That seems like something to explore.

The problem is that the NFS protocol does not have a mechanism to expose
write errors that occur on the server after it responds to an NFS
UNSTABLE WRITE: NFS_OK, we received your data, but before the COMMIT
occurs.

When a COMMIT fails in this way, clients are supposed to change to
FILE_SYNC and try the writes again. A FILE_SYNC WRITE flushes all the
way to disk so any recurring error appears as part of the NFS
operation's status code. The client is supposed to treat this as a
permanent error and stop the loop.

> Based on your last paragraph I conclude this is a client side issue? The
> client should switch to FILE_SYNC instead? We do export the NFS share
> "async". Does that make a difference?

I don't know, because anyone who uses async is asking for trouble
so we don't test it as an option that should be deployed in a
production environment. All I can say is "don't do that."
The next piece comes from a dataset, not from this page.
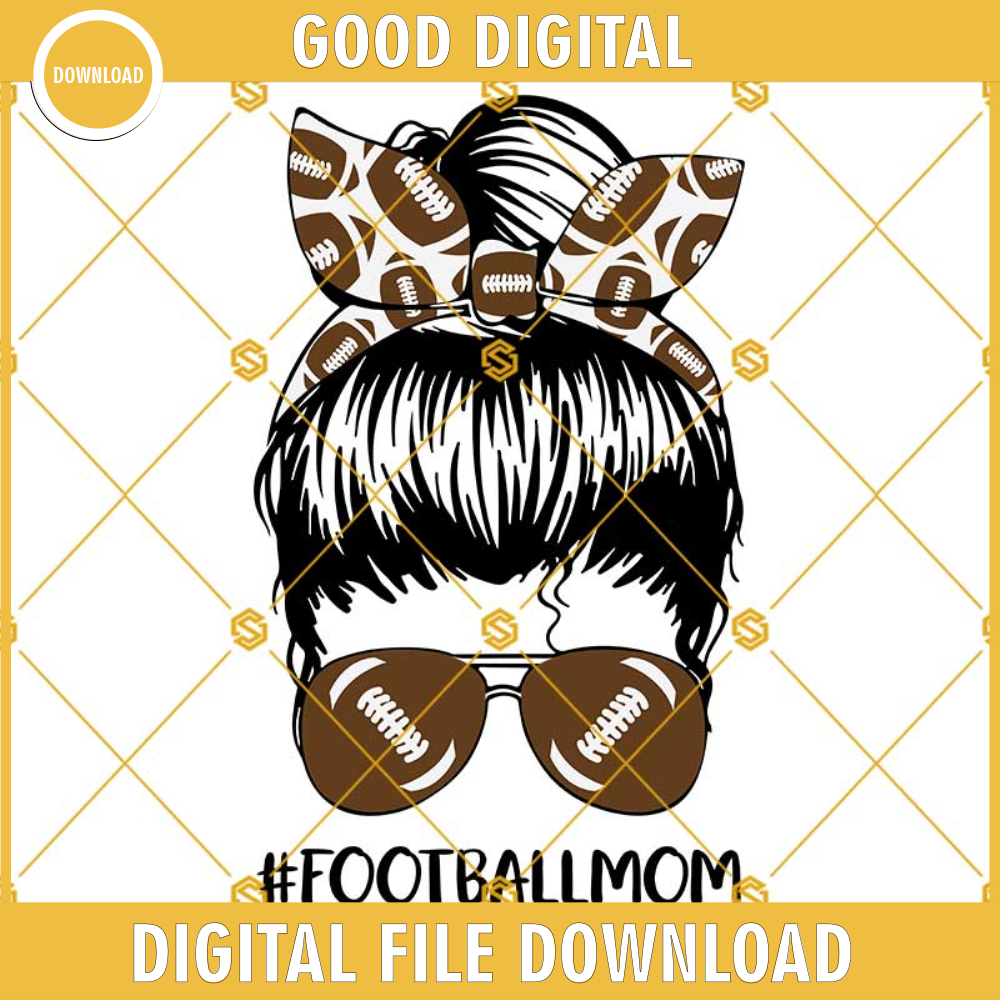 Football Headband Mom Life SVG, Football Mom SVG, Messy Bun.jpg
> So it's a normal operation for the server to change the write verifier?

It's not a protocol compliance issue, if that's what you mean. Clients
are supposed to be prepared for a write verifier change on COMMIT, full
stop. That's why the verifier is there in the protocol.

> The clients that showed this behavior ran a lot of different kernel
> versions, from the RHEL 8/9 kernels, the Debian 12 (6.1 series), Fedora
> 42 kernel and the 6.14.6 kernel on a Rocky 9 userland. So this must be
> an issue that is present in the client code for a very long time now.
> 
> Since approx 14:00 the issue has suddenly disappeared as suddenly as it
> started. I can no longer reproduce it now.

Then hitting a capacity or metadata quota might be the proximate cause.

If this is an NFSv4.2 mount, is it possible that the clients are
trying to do a large COPY operation but falling back to read/write?

-- 
Chuck Lever